The clincher is the $1 bill.
"Anybody who wants this dollar can come and get it," says the
group facilitator, holding the money up.
With some 50 high school students - black, Latino, Asian, white,
and mixed race - standing in a large conference room, a white girl at
the front quickly steps forward and claims the money.
This is a key symbolic event at the 15th annual summer gathering
of Anytown New England, an unusual, week-long diversity, education,
and leadership program for teens sponsored by the National Conference
for Community and Justice (NCCJ).
On the second day, the students - standing shoulder to shoulder -
were peppered with a list of 30 questions designed to separate them
according to privileges or discrimination they may have experienced
because of race, income or social position.
"If your family had to move because they couldn't afford the rent,
take one step back," says the questioner. "If your family owns their
own house, one step forward... If your family has ever been on a
vacation out of the country, step forward....."
When the questions end, most of the white students are at the
front.

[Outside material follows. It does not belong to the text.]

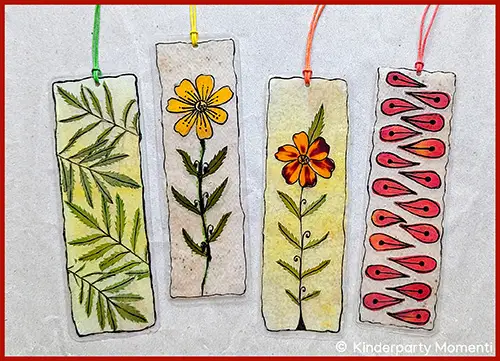 Vier rechteckige Lesezeichen mit handgemalten floralen und geometrischen Mustern, jeweils mit farbigen Bändern zum Herausziehen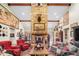Grand living room with a soaring stone fireplace, exposed beams, and stylish western-themed decor at 51238 N Pinal Ranch Rd, Miami, AZ 85539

A scattering of whites, blacks, and Asians are in the middle,
and at the back, almost all are blacks, Latinos, and Asians.
The effects of racism
The dollar bill, when offered, is easily taken by a white girl at
the front, symbolizing white privilege and access, another "have"
ahead of the "have nots."
What follows is a two-hour discussion that at times is heated and
emotional, with equal expressions of guilt, denial, and confusion. A
handful of students cry, many realizing for the first time the impact
of individual and institutional racism on them and their families.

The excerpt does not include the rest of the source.